Unless you are actually Diabetic (type 1 or 2), Insulin resistant or have metabolic syndrome, insulin spikes are not actually bad for you. It is a digestive mechanism that has developed to metabolize & utilize carbohydrates (glucose) as fuel. I realize insulin spikes have been branded as evil by the low carb pushers, but they are no more metabolically dysfunctional than being in long term ketosis (remember when low carb first took off & everyone was convinced all the LCers were going to die/wreck their kidneys/etc from long term ketosis?)

In a metabolically normal individual, when you eat carbohydrates (regardless of the type), they are digested to glucose & fructose (both single molecules) and then absorbed in the small intestines and enter the blood stream. The pancreas begins to detect the presence of glucose in the blood stream and begins to release insulin from the beta-cells. Insulin is a necessary co-factor to allow for the intracellular transport of glucose. Without insulin, glucose can't get into the cells & it sits in the blood stream being useless (well, mostly useless, not totally useless).
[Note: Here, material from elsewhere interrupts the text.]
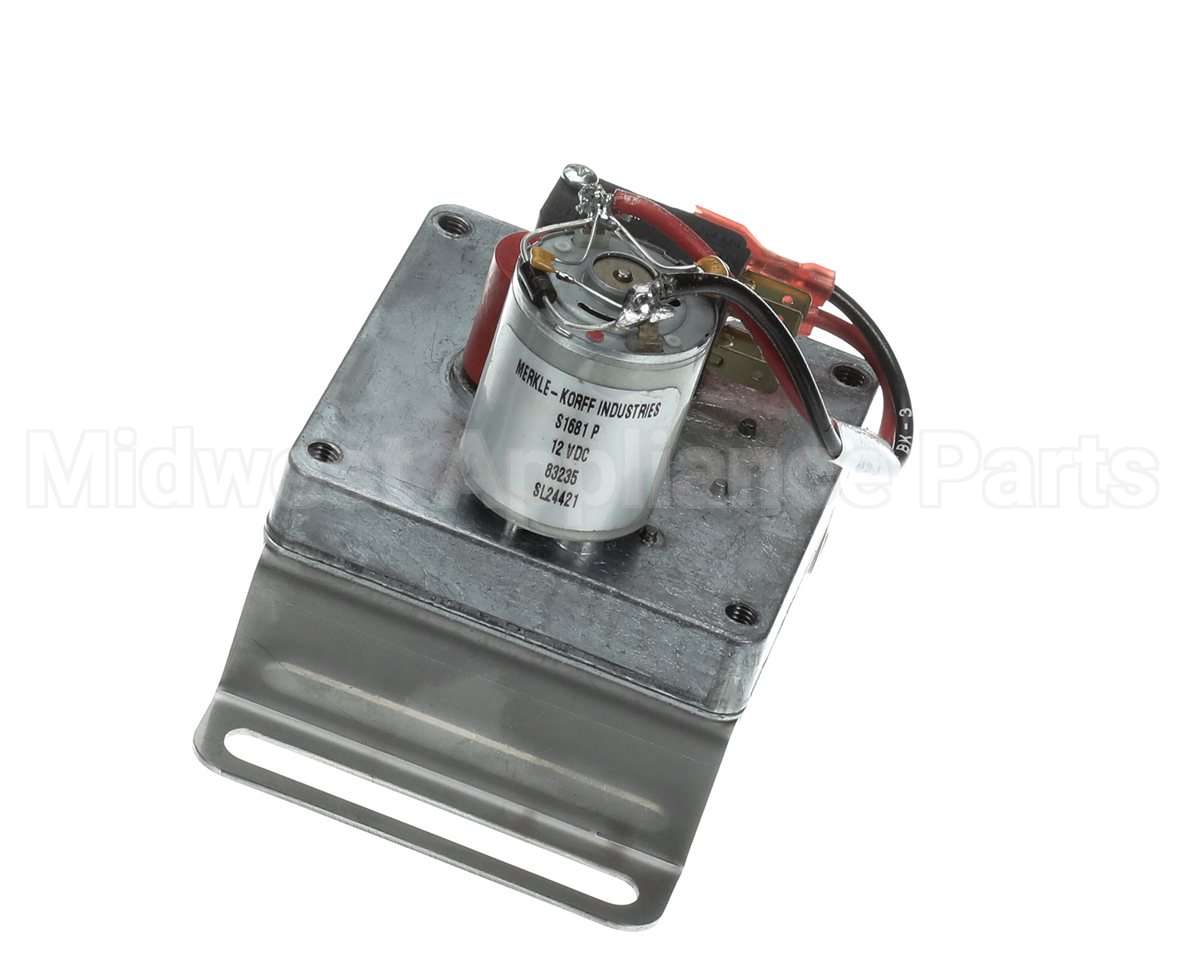 83231 Blodgett Motor Assy Pfc Lift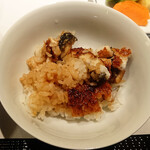 うなぎ処 山道 -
Once in the cell, glucose enters the TCA cycle, ATP is produced and cellular energy is generated. At a cellular level this is the hydrostatic power plant - ATP is used as energy in all cellular reactions and glucose is an important ingredient in the steps leading up to the production of ATP.

The magnitude of the insulin response depends on how much glucose is absorbed & how fast. A very large dump of glucose (simple carbs, which don't take a long time to be broken down in the stomach & intestines can cause this) will lead to a commensurate insulin release. A slower, lower glucose release (complex carbs, carbs eaten with protein) will result in a slower, smaller insulin trickle.

The first "problem" is that a large glucose spike leads to a large insulin release which can result in a rebound hypoglycemia. Too much insulin results in too much glucose uptake into cells which results in low blood sugar which makes you feel like garbage. Most people respond to this state by eating something with a high glycemic load to rapidly bring their blood glucose back up, which then results in another insulin spike...lather, rinse, repeat... The "faulty" mechanism here is that the rapid insulin dump causes such rapid,massive intracellular glucose uptake that the body doesn't have time to regulate blood sugar and shut it down before it gets too low. Very much like when you eat too fast, you tend to overeat because you outeat your body's ability to signal satiety.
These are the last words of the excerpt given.